Team:UCAS-China/Proof Of Concept

About Biosafety

In order to protect natural ecosystems also our patients for microbial therapies, and address public concern, biosafety is a critical concern in the development of our Sheep. We concerned biocontainment, avoiding unintended proliferation into the environment, also biosafety, which we mainly concerned avoiding its escaping from the specific lesion to other healthy parts of the body. Current strategies mainly include integrating toxin/antitoxin ‘kill switches’ and establishing auxotrophies for essential compounds. However, either of them has its own obstacles. This year, we provided our own solutions and improvements to address the risks that may cause the leakage of our gene. By combining our high-performance cold-inducible on-switch with the toxin system, we optimized the ‘kill switch’ from its foundation, improving the response speed also the efficiency, so that our sheep will have a strong control of the baobab tree.

The function of cold-inducible ON-switches

Within these screening circuits, the expression of GOI (goal of interest) was inhibited by the evolved transcription factor and the evolved protease could activate the reporter gene by cleaving the sensitive repressor.

The cold-inducible ON-switch is encoded on two plasmids. The circuit is shown with the genetic parts and relationships among them.

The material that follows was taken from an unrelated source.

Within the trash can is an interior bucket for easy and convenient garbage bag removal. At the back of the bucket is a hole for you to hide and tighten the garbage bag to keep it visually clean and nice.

We got the temperature-sensitive parts TEVts and CI434ts-TEVsite from our advisor. TEVts is TEV protease from Tobacco Etch Virus which can recognize special amino acids sequence (ENLYFQ) and cleave the sequence at the site between F and Q. Its activity is triggered by coldness.

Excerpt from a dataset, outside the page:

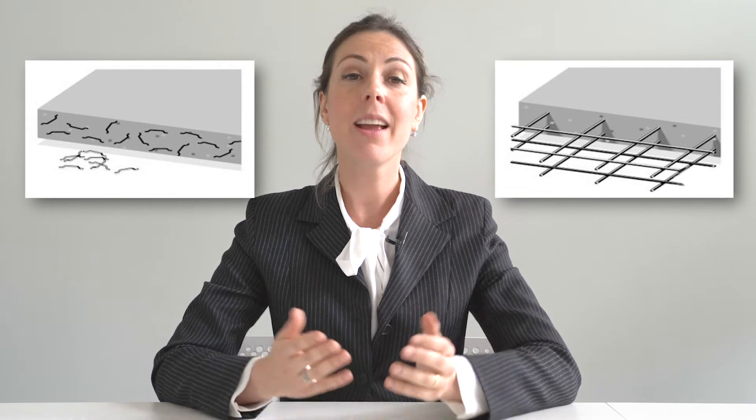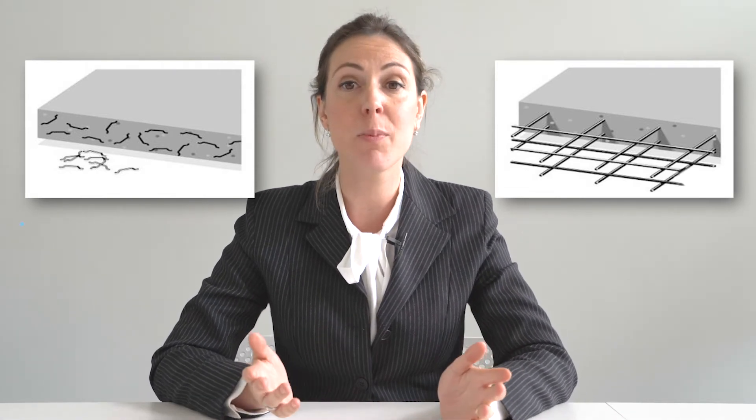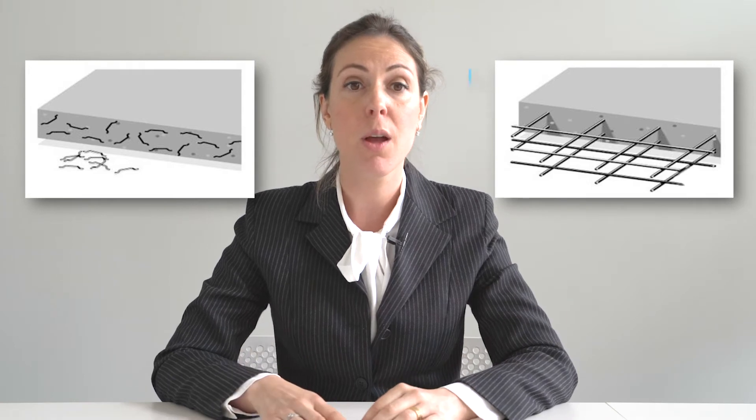Despite the common belief, working with steel fibre reinforced concrete in most cases isn't more expensive than using traditional reinforcement. It is true that rebar per unit weight is indeed less expensive than steel fibres, but in order to make a correct price comparison, one has to consider the total cost of ownership. This means that the total cost of the solution must be taken into account, and not just the cost of the material per unit weight.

CI434ts-TEVsite is a thermo-sensitive transcription repressor. We insert the TEV recognition sequence into the link part of transcription factor so that TEV protease can cut the transcription factor to make it inactive.

we put the TEV protease coding gene under the promoter of corresponding CI434 so that TEV and CI434 inhibit each other. Once there is a small disturbance, the balance will lean to one side to act. We put our target gene under the promoter of pCI434, so that its expression is controlled by the transcriptional factor side. When coldness comes, the TEV protease is active and cut the transcription factor to relieve the inhibition of promoter so that the target gene can be expressed.

The cold-inducible TEV protease mutants and heat-inducible transcription factors mutants are all evolved through a suitable restriction, which creates many different switches with a wide range of transition temperature.

We chose two kinds of cold-inducible ON-switches, consisting of TEVts#6 and TEVts#18 correspondingly, to measure their temperature response curve more precisely by flow cytometer in TOP10 strain. From Figure 4 we can see that two group both show narrow transition ranges and have ∼100-fold induction, which was achieved within less than ten degrees. Thus, our cold-inducible ON-switches show high performance and versatility, which ensures the potential for basic research, as well as industrial and biomedical applications, and truly makes engineered bacteria precisely controlled.

The induction curve of the cold-inducible ON-switches (TOP10)

In our design, we plan to colonize engineering bacteria into the stomach through capsules. After the engineering bacteria identified the position of H. pylori through the ammonia concentration induction pathway, the anti-bacterial peptide was released by self cleavage to inhibit the growth of H.pylori. When H. pylori leaves the human body, the biosafety switch can recognize the decrease of environmental temperature and cause cell suicide with toxic protein. However, in practice, promoter has a certain chance to mistakenly turn on the transcription of toxin protein under the condition of constant ambient temperature, and secrete toxin protein, which cause cell suicide. Such leaky expression will lead to the decomposition of engineering bacteria and reduce the actual concentration of engineering bacteria, and then affect our treatment efficiency.